In re Estate of Capuzzi

Decision Date02 July 2004
Docket NumberDocket No. 121106. Calendar No. 8.
Citation470 Mich. 399,684 N.W.2d 677
PartiesIn re ESTATE OF Eugene T. CAPUZZI, M.D., Deceased, Michael Capuzzi and Eugene T. Capuzzi, Jr., Petitioners-Appellants, v. Christina Fisher, Respondent-Appellee.
CourtMichigan Supreme Court

Daniel Martin, Cheboygan, MI, for the plaintiff.

Vestevich, Mallender, DuBois & Dritsas, P.C. (by William J. Lamping), Bloomfield Hills, MI, for the defendant.

MICHAEL F. CAVANAGH, J.

The issue presented is whether the death of the principal revokes his agent's order to transfer limited partnership shares when all necessary actions by the agent were completed before the principal's death, but the transfer was not yet completed by a third party. We hold that an agent's actions are not revoked by the death of the principal when the agent has completed all actions necessary for the transaction before the principal's death. Therefore, we reverse the decision of the Court of Appeals and affirm the decision of the trial court granting the petitioners summary disposition.

I. FACTS

Decedent, Eugene T. Capuzzi, M.D., owned shares in a limited partnership. Dr. Capuzzi's will divided that interest equally among his three children, Michael, Eugene Jr., and Christina. A few days before his death, Dr. Capuzzi directed Michael to transfer the limited partnership shares to his sons, Michael and Eugene, Jr., petitioners in this case. Michael was acting as Dr. Capuzzi's agent pursuant to a durable power of attorney agreement. The agreement gave Michael "full power and authority to do and perform every act and thing whatsoever requisite and necessary to be done." The transfer would eliminate Christina's interest in the limited partnership shares; Christina is the respondent in this case.

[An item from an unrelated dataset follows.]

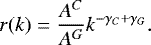 Mathematical equation: \begin{equation*} r(k) = \frac{A^C}{A^G} k^{-\gamma_C+\gamma_G}.\end{equation*}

Michael contacted the limited partnership on August 10, 1998, and again on August 11, 1998, and he directed that the shares be transferred pursuant to the power of attorney and Dr. Capuzzi's wishes. Dr. Capuzzi died on August 14, 1998. On August 19, 1998, the limited partnership sent Michael a letter stating that Dr. Capuzzi's death had revoked the power of attorney and, therefore, the transfer could not be completed. During probate proceedings, petitioners objected to the shares passing under the will. The probate court granted summary disposition for petitioners. The Court of Appeals reversed and remanded, holding that the transfer of the shares could not be completed because Dr. Capuzzi's death immediately revoked the power of attorney.1 This Court granted petitioners' application for leave to appeal. 468 Mich. 925 (2003).

II. STANDARD OF REVIEW

We review de novo questions of law. Hagerman v. Gencorp Automotive, 457 Mich. 720, 727, 579 N.W.2d 347 (1998). Likewise, "we review de novo decisions on summary disposition motions." American Federation of State, Co. & Municipal Employees v. Detroit, 468 Mich. 388, 398, 662 N.W.2d 695 (2003).

III. ANALYSIS

It is a longstanding legal principle that a duly authorized agent has the power to act and bind the principal to the same extent as if the principal acted. See, e.g., Cowan v. Sargent Mfg. Co., 141 Mich. 87, 91, 104 N.W. 377 (1905); see also 1 Restatement Agency, 2d, § 12, p. 57. A power of attorney provides the agent with all the rights and responsibilities of the principal as outlined in the agreement. See, e.g., M.C.L. § 700.5501 et seq.; Kuite v. Lage, 152 Mich. 638, 640, 116 N.W. 467 (1908). In effect, the agent stands in the shoes of the principal.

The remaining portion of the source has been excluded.